Below are records; the lines starting at the one with "Gol Bunuh Diri" and ending at the one with "Apartamento St Moritz Luxury Apt And Garage" must be reproduced exactly, both included. Pictures must not appear.
BEGIN DATA SECTION
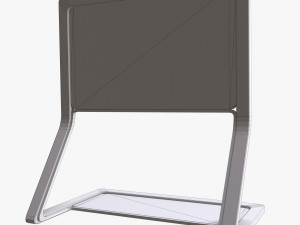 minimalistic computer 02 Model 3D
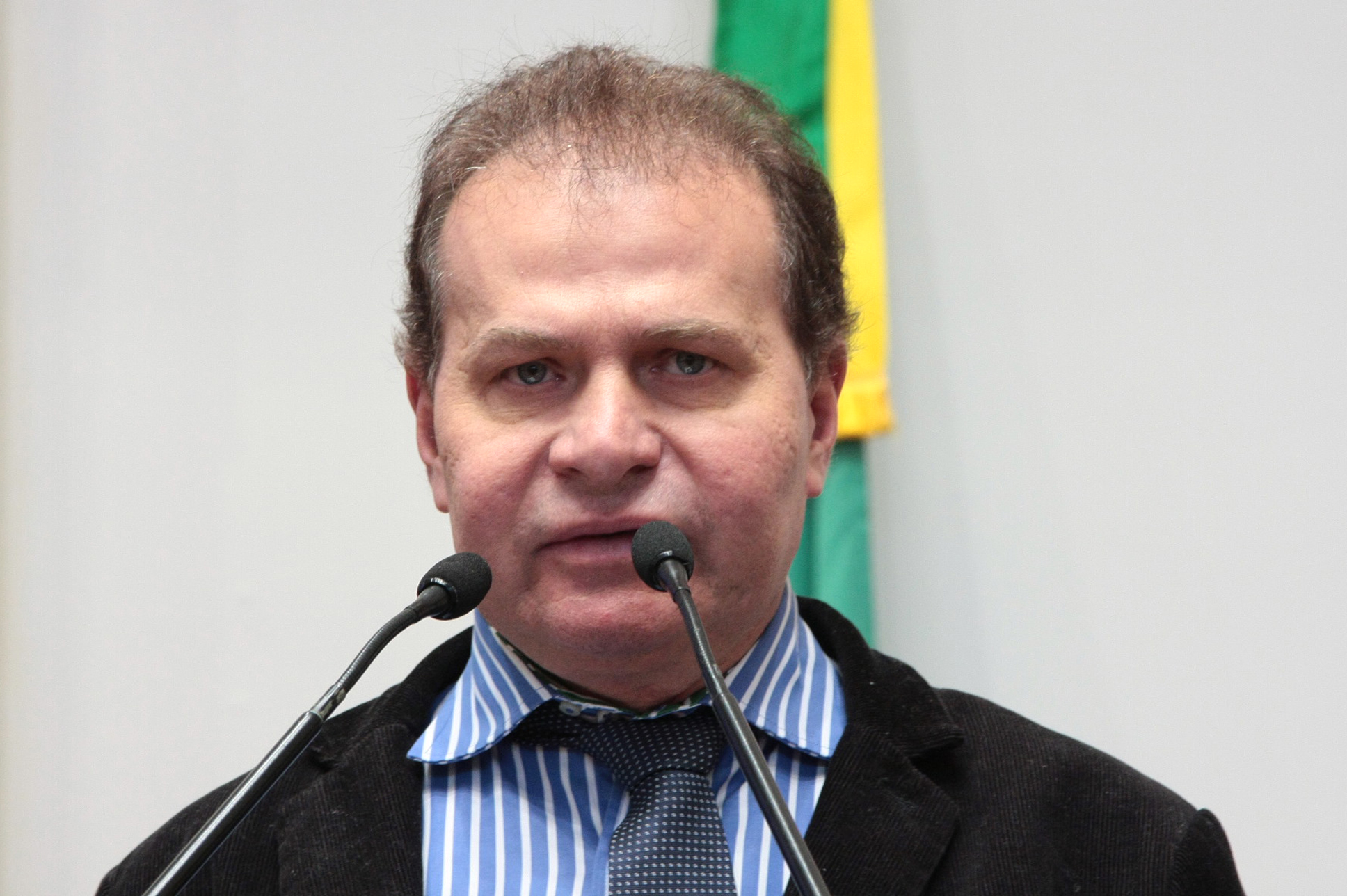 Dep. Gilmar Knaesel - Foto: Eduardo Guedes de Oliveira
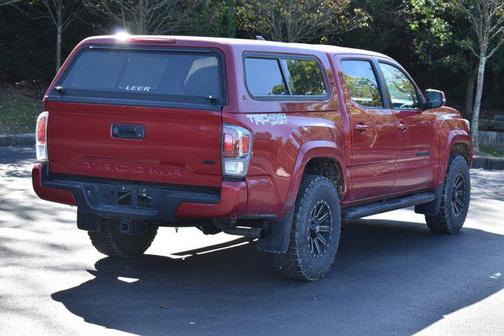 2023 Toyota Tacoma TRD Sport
END DATA SECTION
BEGIN DATA SECTION
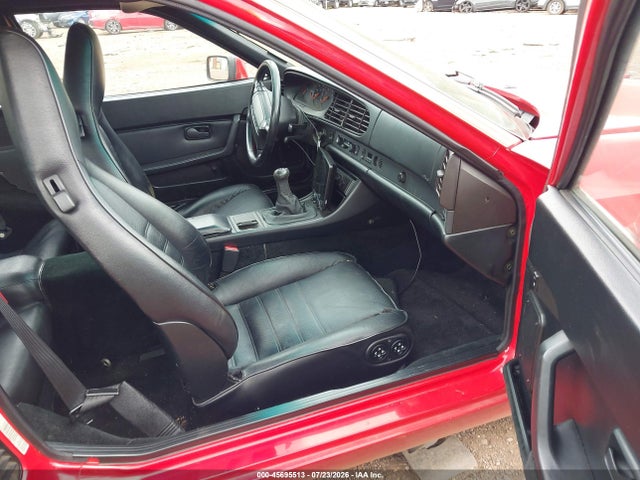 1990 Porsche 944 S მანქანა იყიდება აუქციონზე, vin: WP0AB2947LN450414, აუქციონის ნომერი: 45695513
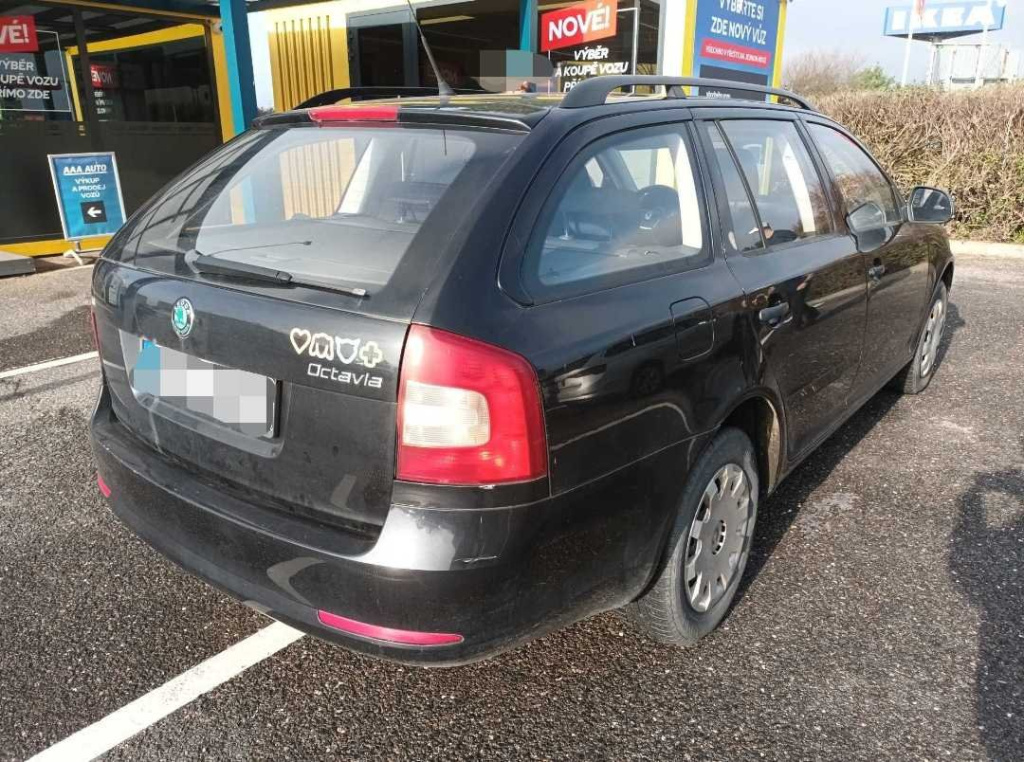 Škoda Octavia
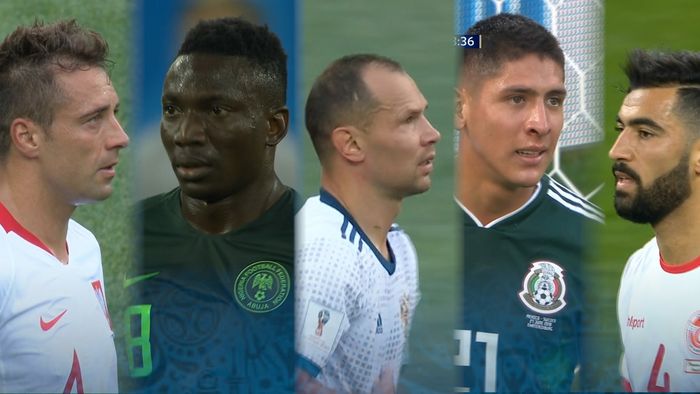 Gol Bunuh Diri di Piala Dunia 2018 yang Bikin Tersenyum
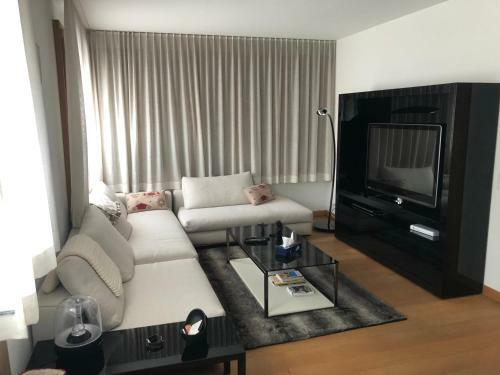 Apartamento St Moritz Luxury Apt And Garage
END DATA SECTION
SOLUTION TO THIS TASK:
 Gol Bunuh Diri di Piala Dunia 2018 yang Bikin Tersenyum
 Apartamento St Moritz Luxury Apt And Garage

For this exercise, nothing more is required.